Copyright 1995 Reed Business Information, Inc.
From Booklist
This collection of detailed black-and-white drawings of houses and other domestic buildings (barns, garages, gazebos) is presented in 12 chapters arranged chronologically, from Native American dwellings to contemporary trends. Each chapter is introduced by one page of text, and additional comments accompany the illustrations. Each drawing is labeled with the names of various architectural details.
Several examples are provided for each time period. For example, seven drawings reflect Federal-style homes in the chapter on neoclassical styles. The section on prefab housing in the postwar chapter includes traditional kit structures as well as Quonset huts and mobile homes. Some drawings highlight special interior or exterior features: fireplaces, staircases, gates, and so on. A series of inserts called "anatomies" look at basic construction methods: trusses, double-hung sashes, log notching. Floor plans are often provided. One helpful feature is that common usage is included in parenthesis next to technical terms that accompany illustrations; for example, split-wood shingles are also defined as shakes, a thatched sun shelter is also identified as a ramada.
Intended for architecture students and design professionals, this book could also be used as a resource for secondary school American history units. The first chapter covers Native American dwellings such as Algonquin wigwams, Apache wikiups, Navaho hogans, and Tlingit plank houses, and chapter 8 deals with folk and frontier houses. The index includes all the terms used as labels.

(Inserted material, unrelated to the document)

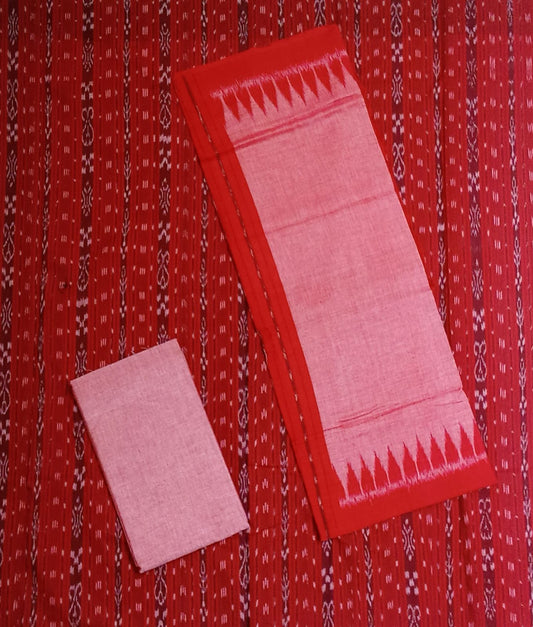 Odisha Handloom Pure Sambalpuri Cotton Ladied Dress Set : Unstitched Dresses Material Set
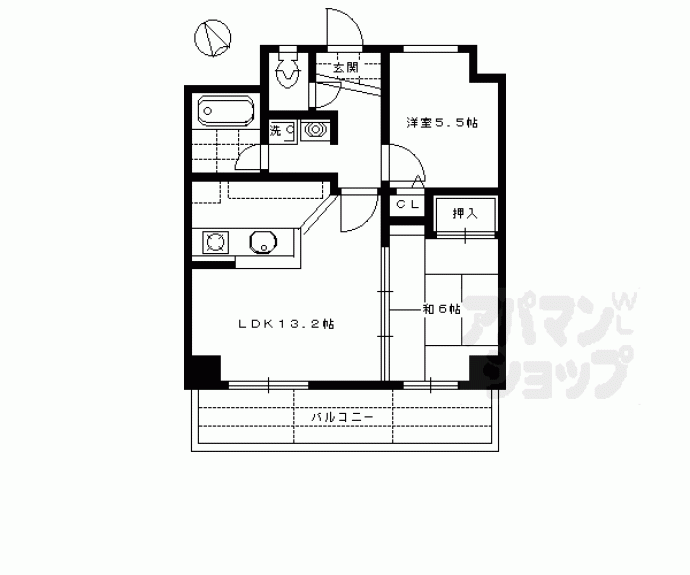 【信開ガーデンコート西大路】間取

A better choice for public and school collections is the Eyewitness Visual Dictionary of Buildings (Dorling Kindersley, 1992), which uses photographs as well as illustrations and spans all sorts of structures from ancient through modern times. Other visual dictionaries, such as the Macmillan Visual Desk Reference (1993) and What's What: A Visual Glossary of the Physical World (Hammond, 1981), also include sections on architecture that satisfy many browsing and general reference needs. However, as a specialized resource, Carley's unique graphic guide will be a welcome addition to architecture and design collections.
Customer Reviews
An Ambitious Field Guide to Domestic Architecture
Although the illustrations in this book are not as beautiful as the ones in Lester Walker's "American Homes", this book is very ambitious in its presentations. Many field guides to American homes concentrate solely on identifying a style. Usually, there are only a few brief descriptions of the architectural details that help define a style.
What makes "The Visual Diction of American Domestic Architecture" such a pleasure is the sheer ambition of its coverage. Not only are there detailed descriptions of building exteriors, there are also detailed desciptions of interior features. As an example, not many field guides detail interior framing plans or such important features like staircases and fireplaces. If that were not enough, there are also some representative floor plans.
I have been collecting field guides for a number of years and this is one of the best. If you want to go beyond picking out key features of a distinct architectural style and want to delve deeper into building details, this is the book for you. Highly recommended.
excellent line drawings demonstrate styles
Not comprehensive enough in scope to be a true dictionary of architectural style, but certainly provides the visual images necessary to recognize the styles. Included floor plans also demonstrate the various modes. Good survey of vernacular styles, often overlooked in other texts.
Real McCoy!
I guess it isn't an easy thing to compose an illustrative guide on such complicated and multilayered portion of Architecture as American domestic styles, but all are included here: easily recognizable types, details, even construction methods! Special thanks to the Illustrator: the pictures are neither "overillustrated" nor of too "academic" appearance - just restrained professional still artistic graphic. As an international Architect often working for an American architectural firm I will surely make use of it.